# Westernport overnight trip



## kingfisher111 (Jun 13, 2006)

Decided to head off for an overnight fish for Gummy sharks Friday lunchtime. Weather forcast was good, full moon was Wednesday, and a low tide at 8.45pm was perfect.
Ever notice how when you pack for an overnight trip, the amount of gear you need to take is also enough for a week! The plan was to head out from Jam Jerrop at 12.00pm, ferry all camping gear and surf rods to Sandy Pt French Island, drop it all off and then head off further down the bay for a fish. Managed to squeeze all and sundry into the Hobie and headed off. I knew Friday was going to be a bit of a tough paddle all afternoon as the tide was against me all day. The usual 35minute trip to Sandy Pt took just over 1 hr. After dropping the gear in the bushes the next leg down the bay was another 3.5 km slog into the rising tide. Got anchored in a promising spot an hour before the tide change and over the next 3 hours managed 1 gummy of 600mm and a large ray that took 30 mins to get to the kayak. 
You guessed it the trip back to Sandy Pt was into the now falling tide.Sunset over French Island was well worth all the effort.
After carting Hobart high and dry above the tide it was time to pitch camp gather firewood rig surf rods and cook a meal. Got fishing from the point by 7.00pm for an 8.45 low tide. The reason for the lowtide was to be able to access a nice deep channel from the shore.
Fished for 4 hours and managed 2 more Gummies, another in the 600mm range and 1 just on 1 metre. Decided to keep the metre one. Also managed to snag another large ray so in all was very pleased for my effort.
Up at 6.30 Sat morning to have breakfast and break camp before heading off back down towards Corinella for another session on the sharks. Managed 1 small school shark before heading back to the Island to repack for the trip home.
After heading off pushed a few kms up the Island towards home and fished for an hour or so in a fishy looking spot before finally turning back towards Jam Jerrop and ending a very enjoyable trip. Trip tally was 4 sharks, 3 returned to grow some more and 2 large rays, both returned. Steve.


----------



## Cid (Nov 14, 2005)

Great report Steve, and so true...an overnighter needs almost as much gear as a month long trip. Great photo of that sunset, too.

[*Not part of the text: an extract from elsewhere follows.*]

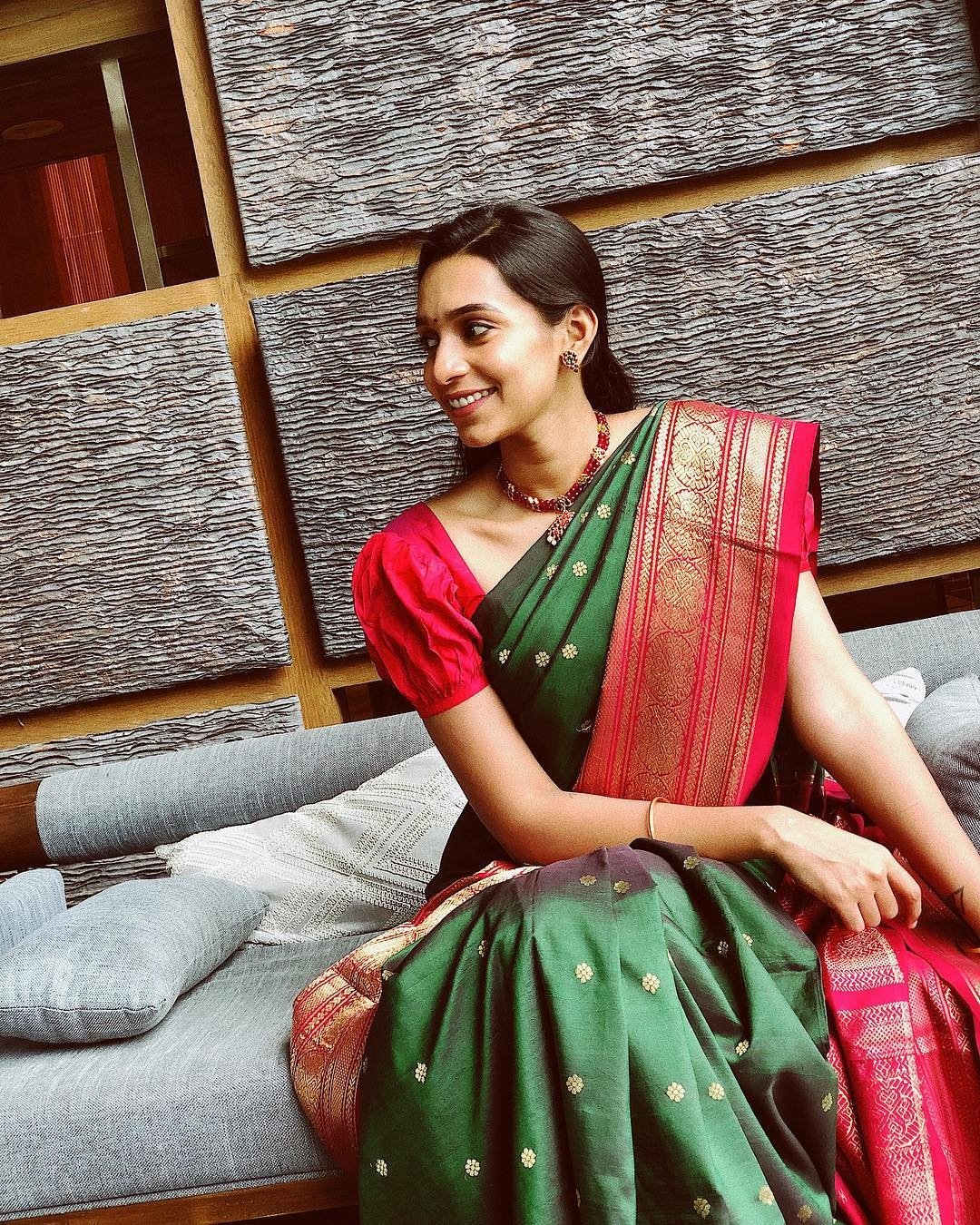 Sanchana Natarajan Saree Photoshoot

I've never caught a Gummy. What do they fight like?

cheers,
Cid


----------



## PoddyMullet (Aug 29, 2005)

Top notch effort Steve, the gummies are coming thick and fast for ya  Bloody beautiful pic of French as well. Last Friday night was a hoot of a night to be outdoors (we had a fire going in the backyard to sit by too), to spend it fishing for gummies with Hobie by the side would have been good for the soul. How'd the waterline of the Hobie fare with the extra gear :?:


----------



## Shoey (Aug 30, 2005)

Great report Steve. I really miss fishing Western Port and love reading your reports and seeing some photo's.


----------



## Peril (Sep 5, 2005)

Great report Steve. Trips like that are good for the soul, even without fish


----------



## Squidder (Sep 2, 2005)

Great stuff Steve, you've already got me thinking about a similar trip


----------



## Blaen (Jul 4, 2006)

Nice one Steve, Grats on the Gummies.

It's incredilble how much you can squeeze in to the Hobie, though she looks like she should be up in orbit :lol:


----------



## Kevin (Aug 29, 2005)

Steve,

You said that you were going to do this trip and you did it in fine style. Now that I'm back for a good while I'm also interested in a similar trip although I would probably not be able to join you for so much of the days either side.

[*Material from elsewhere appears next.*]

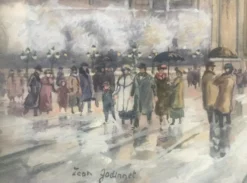 Pamono Léon Godinnet, The Pont Alexandre III, Gouache and Watercolor><noscript><img width=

How was it fishing off that point on French Island? Was the current ok once the tide starting running in. Also are there no probs with having a fire on the beach? It would have been enjoyable on your own but if a few of us get together for the next trip it could be a lot of fun.

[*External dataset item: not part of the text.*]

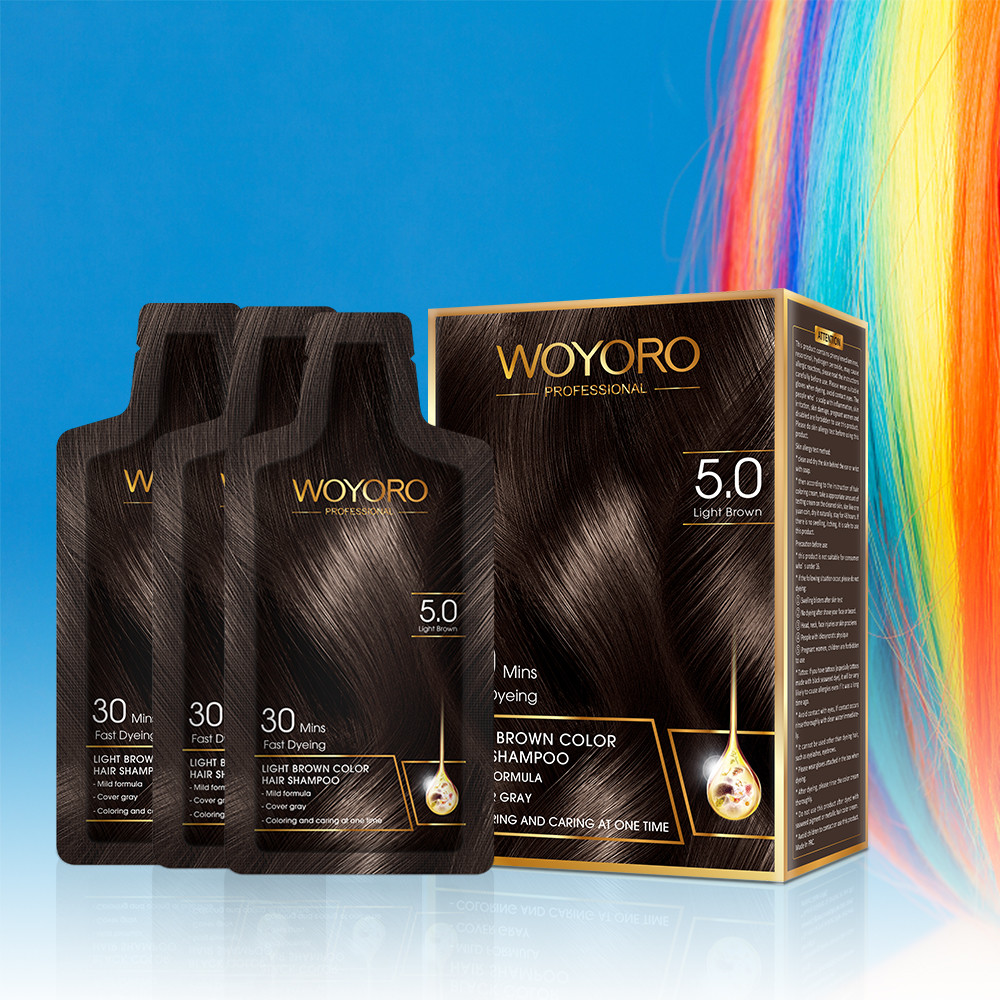 Schwarzes dauerhaftes Oxydationsmittel des Färbungs-Haar-Farbshampoo-15ml schnell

By the way what baits did the damage this time? Also just thought it was a bit weak of you catching your two rays only one at a time (but I guess you did actually bring yours all the way in)


----------



## kingfisher111 (Jun 13, 2006)

Thanks everyone, yes it was a great trip, quite easy to plan and all within an hour from home and full mobile service. Total cost $5.00 for pilchards and 1 hook.
Poddy the hobie only sat about 30mm lower in the water. I`d say she`d handle another 50kg easily.
Shoey yes there certainly is something about Westernport, even the trips where the fish don`t cooperate. I think it has to do with it`s wild nature and the tidal runs that scour those incredible channels. It`s all about the channels in Westernport.
Cid/ Gatesy the gummies fight really well with the bigger ones giving you a top workout. Also they can keep the best action for when you actually get them on board!
Kevin fishing off the point was every bit as good as we discussed. The channel was easy to reach and there`s plenty of room. I dug a pit fireplace and kept the fire fairly modest. Driftwood is plentiful also. It would be a great spot for a get together trip, as you know it`s so remote on that side of the Island. Pillies, eel and salmon fillet did the damage this time.
Here`s a couple more photo`s. See how the flats get exposed when the tide runs out.Steve


----------



## hoit (Aug 29, 2005)

Fantastic effort Steve. I'm still hoping to join you sometime soon for a crack at the gummies. I'm a lazy bugger so I don't know about the overnight camping though.

Regards
Grant


----------



## Dodge (Oct 12, 2005)

A good read Steve and you can't beat an extended trip for enjoyment.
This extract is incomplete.